7. The system of claim 4, wherein the output component is configured to output the relevance of the object in response to a query, and

wherein the joint probability distribution includes a conditional dependency represented by a query-dependent multinomial distribution, wherein the noise in the training data is dependent on the query.

8. The system of claim 1, wherein the analysis component is configured to associate the object with at least two random variables to determine the relevance of the object: a hidden variable representing the actual label and an observable variable representing the observed label.

9. The system of claim 1, wherein the output component is configured to rank the relevance of the object with respect to another object, and to output the relevance of the object and the relevance of the other object in an arrangement according to their respective rankings.

10. One or more computer readable storage media comprising computer executable instructions that, when executed by a computer processor, direct the computer processor to perform operations including:

learning at least two modeling parameters for a graphical model by maximizing a log likelihood of a set of training data;

modeling noise in the set of training data with the graphical model based in part on the at least two modeling parameters;

modeling a ranking function for the training data with the graphical model;

receiving a relevance query from a user regarding a document;

determining a ranked relevance of the document based on the graphical model and the query; and

outputting the ranked relevance of the document to the user.

11. The one or more computer readable storage media of claim 10, wherein the maximizing a log likelihood of the set of training data includes iterating an expectation maximization (EM) technique on the set of training data until the iterations converge.

12. The one or more computer readable storage media of claim 10, wherein the graphical model is configured to capture (1) a conditional dependency of an actual label of the document on the features of the document, and (2) a conditional dependency of an observed label of the document on the actual label of the document.

13. The one or more computer readable storage media of claim 12, wherein the graphical model is configured to distinguish the actual label of the document from the observed label of the document, the graphical model being configured to model noise based on the query.

14. A computer implemented method of determining a relevance of a document, the method comprising:

receiving a set of training data for a machine learning technique;

learning a modeling parameter for a graphical model by maximizing a log likelihood of the training data;

modeling noise in the training data with the graphical model based in part on the modeling parameter;

modeling a ranking function for the training data with the graphical model;

determining a relevance of the document based on the graphical model; and

outputting the relevance of the document.

15. The method of claim 14, wherein the training data comprises a set of queries, each of the queries being associated to a set of documents.

16. The method of claim 14, wherein the modeling parameter represents a weight of a feature of the document.
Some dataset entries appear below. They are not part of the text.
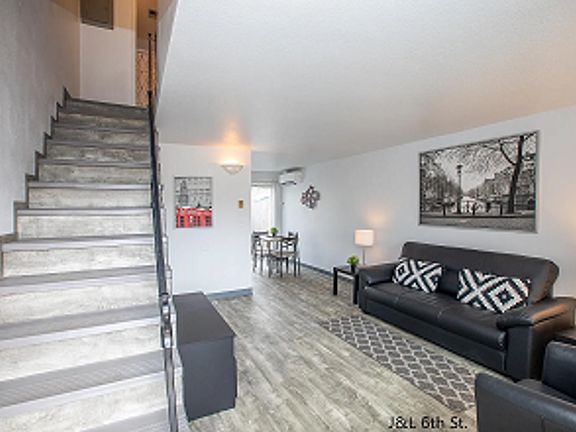 2nd image of 815-819 6th St #815
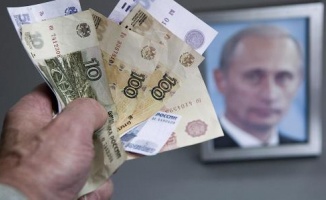 Putin, BRICS ülkeleri arasındaki anlaşmalar için Ruble kullanılmasını önerdi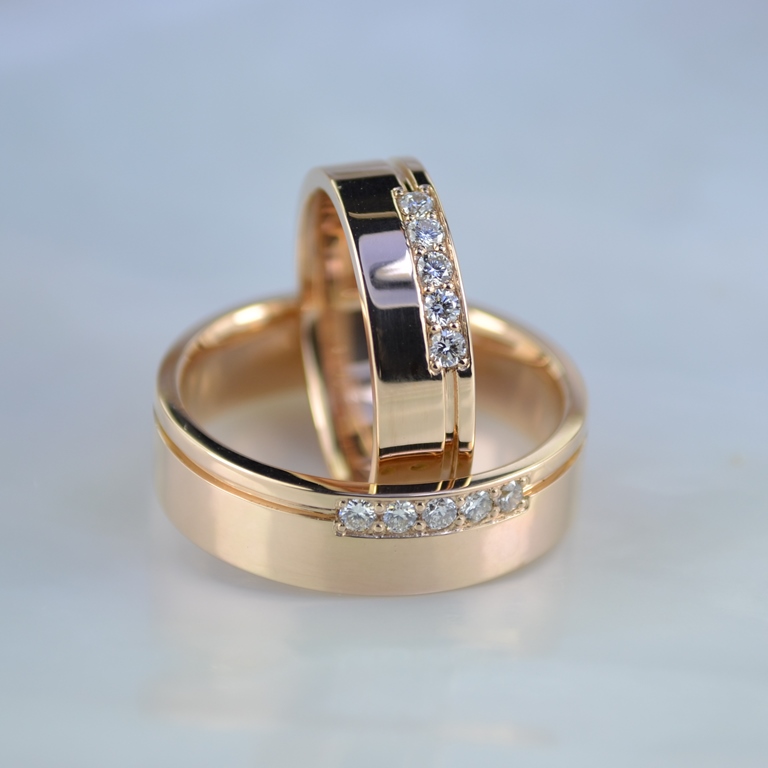 Обручальные кольца шайбы из красного золота с бриллиантами (Вес пары: 13,5 гр.)
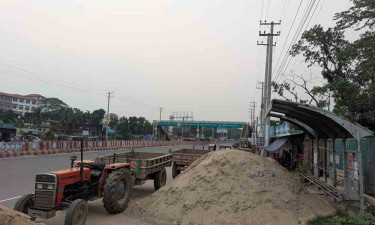 ঢাকা-চট্টগ্রাম মহাসড়কে ছাউনি দখল, দুর্ভোগে যাত্রীরা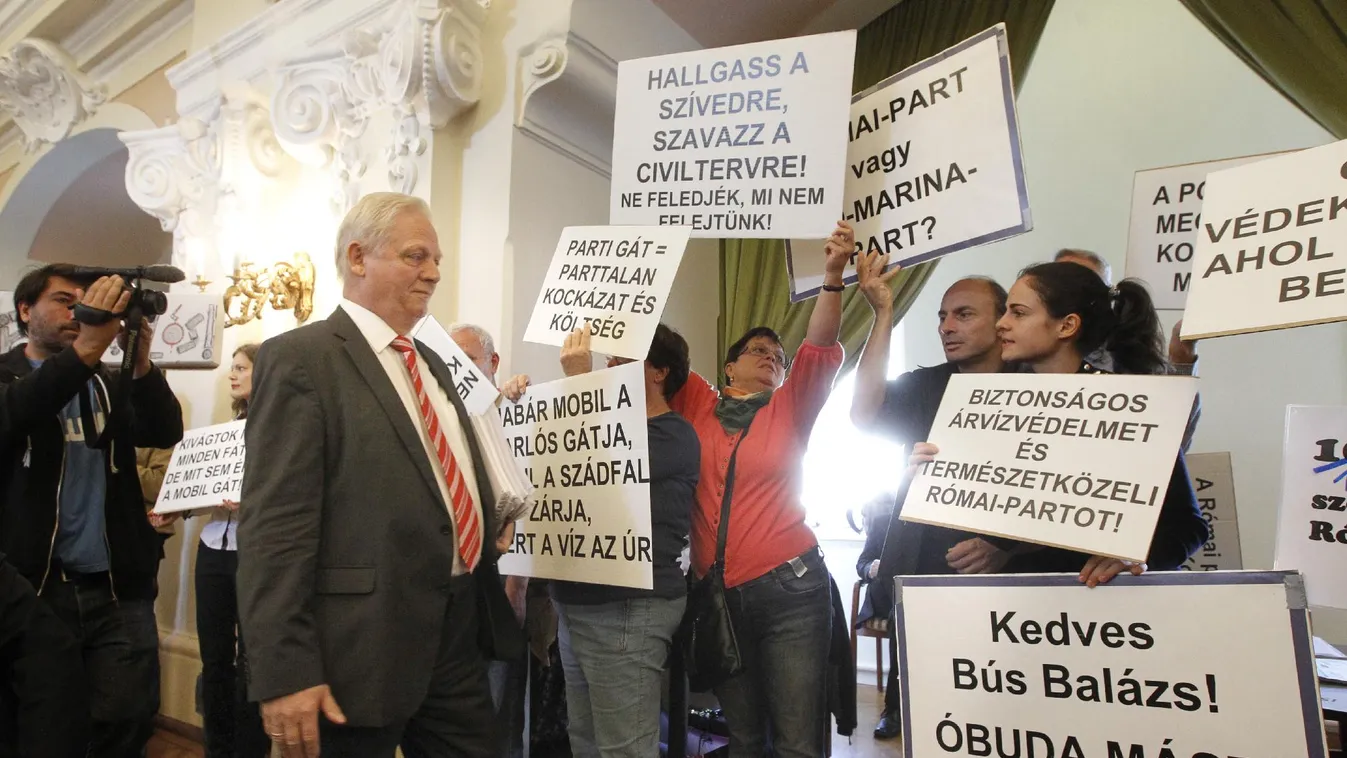 Nem lesz népszavazás a mobil gátról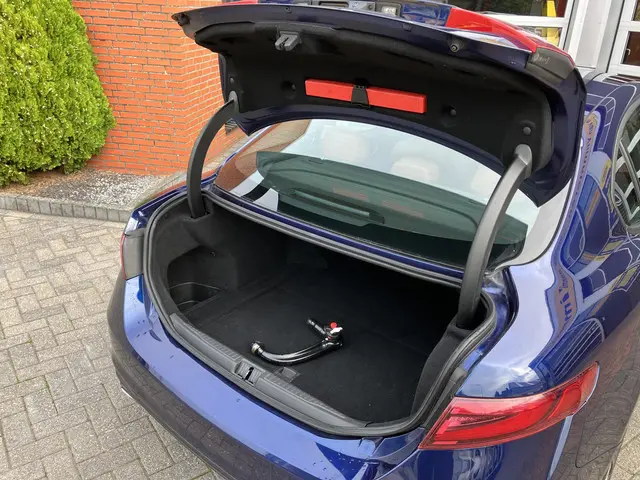 Alfa Romeo Giulia 2.0T Super 2017 Benzine 8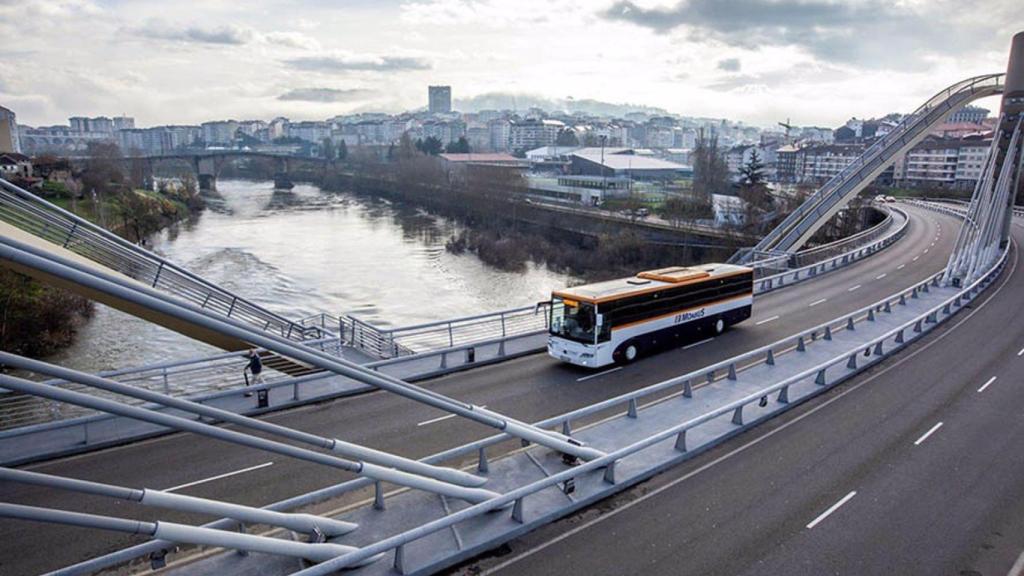 Autobús de la compañía Monbus, en Ourense.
17. The method of claim 14, wherein the modeling parameter represents a degree of noise in a proposed relevance of a document, the modeling parameter being dependent on a query associated to the document.

18. The method of claim 14, wherein the maximizing comprises iteratively performing operations of:

estimating an expected value of the log likelihood of the training data with respect to a probability of the relevance of the document, given feature vectors of the document, a proposed relevance of the document, and an estimate of the modeling parameter; and

selecting a modeling parameter that maximizes the expected value of the log likelihood.

19. The method of claim 14, further comprising updating the modeling parameter using a gradient assent technique.

20. The method of claim 14, further comprising inferring a relevance of the document by maximizing a probability of the relevance of the document, given a feature vector of the document and a weight of the feature vector.

21. The method of claim 20, wherein the probability of the relevance of the document given the feature vector is based on a pairwise preference between the document and another document.